Also collectors use to cut off a lot of roots when they collect and so the plants have no roots.Paph ooii have a huge rhizome and huge aerial part(leaves) and with no roots have compleately no equilibrium.As start to loose water,the process became very difficult to stop...so plants became smaller and smaller takeing food from the leaves remaining with no ability to put out new wealthy roots...
In my opinion plants from flask will be quite easy to grow.
I suggest the same conditions of Dend. cuthbertsonii.
I will use a mix of lava rock,white marble,perlite and charcoal....a lot of water but extreamely good drainage.


----------



## Bolero (Nov 5, 2009)

valenzino said:


> Paph. ooii is standard growing Paph.Is well known to be difficult to grow because all plants collected and distributed,first have been taken to lowland malaysia and grown for a while there...with the result of dehydration.
> Also collectors use to cut off a lot of roots when they collect and so the plants have no roots.Paph ooii have a huge rhizome and huge aerial part(leaves) and with no roots have compleately no equilibrium.As start to loose water,the process became very difficult to stop...so plants became smaller and smaller takeing food from the leaves remaining with no ability to put out new wealthy roots...
> In my opinion plants from flask will be quite easy to grow.
> I suggest the same conditions of Dend. cuthbertsonii.
> I will use a mix of lava rock,white marble,perlite and charcoal....a lot of water but extreamely good drainage.
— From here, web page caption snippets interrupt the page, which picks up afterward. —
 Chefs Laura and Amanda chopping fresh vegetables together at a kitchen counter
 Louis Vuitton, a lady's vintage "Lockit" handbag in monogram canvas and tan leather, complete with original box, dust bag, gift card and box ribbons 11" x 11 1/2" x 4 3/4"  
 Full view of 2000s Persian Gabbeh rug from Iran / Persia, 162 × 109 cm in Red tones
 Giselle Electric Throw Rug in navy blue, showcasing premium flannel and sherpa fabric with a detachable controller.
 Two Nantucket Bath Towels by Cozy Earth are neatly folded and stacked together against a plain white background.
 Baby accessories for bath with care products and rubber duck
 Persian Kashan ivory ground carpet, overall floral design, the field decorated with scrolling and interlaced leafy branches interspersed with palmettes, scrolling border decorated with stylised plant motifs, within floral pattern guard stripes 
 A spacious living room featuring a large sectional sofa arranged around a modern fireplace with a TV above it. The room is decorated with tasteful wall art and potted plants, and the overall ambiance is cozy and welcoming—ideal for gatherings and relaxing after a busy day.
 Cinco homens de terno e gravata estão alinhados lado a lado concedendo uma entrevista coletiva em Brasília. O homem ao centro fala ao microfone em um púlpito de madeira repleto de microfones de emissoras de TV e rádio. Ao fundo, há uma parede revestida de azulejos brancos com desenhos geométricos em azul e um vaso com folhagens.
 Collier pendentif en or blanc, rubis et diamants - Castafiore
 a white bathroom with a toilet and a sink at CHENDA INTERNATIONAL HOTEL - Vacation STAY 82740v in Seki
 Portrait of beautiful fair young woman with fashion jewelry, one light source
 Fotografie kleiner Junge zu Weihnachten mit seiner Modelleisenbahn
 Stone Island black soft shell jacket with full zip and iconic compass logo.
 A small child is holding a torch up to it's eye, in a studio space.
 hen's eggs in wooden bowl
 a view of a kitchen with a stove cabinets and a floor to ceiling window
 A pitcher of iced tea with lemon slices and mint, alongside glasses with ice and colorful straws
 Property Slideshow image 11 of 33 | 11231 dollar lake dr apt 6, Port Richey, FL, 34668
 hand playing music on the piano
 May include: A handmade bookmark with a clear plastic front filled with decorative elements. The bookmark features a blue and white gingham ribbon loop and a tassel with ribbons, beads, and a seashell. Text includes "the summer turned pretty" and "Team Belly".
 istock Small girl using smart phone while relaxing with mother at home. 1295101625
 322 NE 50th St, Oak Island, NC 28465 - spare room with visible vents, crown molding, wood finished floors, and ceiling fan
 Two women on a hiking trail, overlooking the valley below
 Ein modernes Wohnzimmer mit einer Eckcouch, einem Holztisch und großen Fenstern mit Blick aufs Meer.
cuthbertsonii needs cool conditions and the leaves kept dry but lots of moisture at the roots. So is that what you're suggesting? I am still waiting for them but they are seedlings that have come from flask. I think I am getting 3 plants so it gives me a little room to experiment with conditions. 

Seeing you are suggesting similar conditions to cuthbertsonii, are you suggesting similar conditions to Masdevallia and Dracula then?

Thanks, this is most interesting.


----------



## TyroneGenade (Nov 5, 2009)

SlipperFan said:


> I, too, would like to know where one can get live sphagnum. I really don't like the dead stuff for orchids.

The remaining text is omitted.